Output the listing word for word, minus pictures.

** Information provided follows **

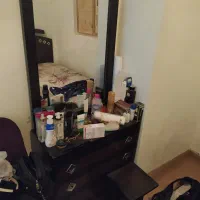 سرویس خواب همراه با تشک طبی|تخت و سرویس خواب|تهران, هاشمی|دیوار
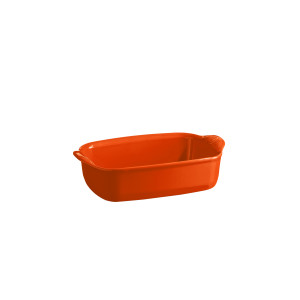 Individual Oven Dish - Toscane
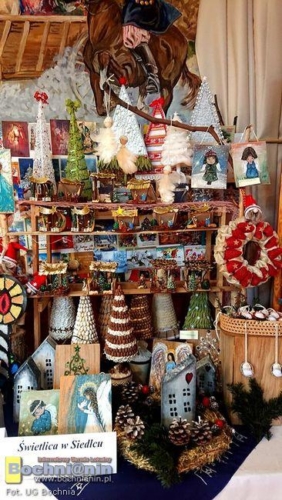 79140394 2477241382495066 6706557322073735168 o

** End of Information provided **

Output below
 سرویس خواب همراه با تشک طبی|تخت و سرویس خواب|تهران, هاشمی|دیوار
 Individual Oven Dish - Toscane
 79140394 2477241382495066 6706557322073735168 o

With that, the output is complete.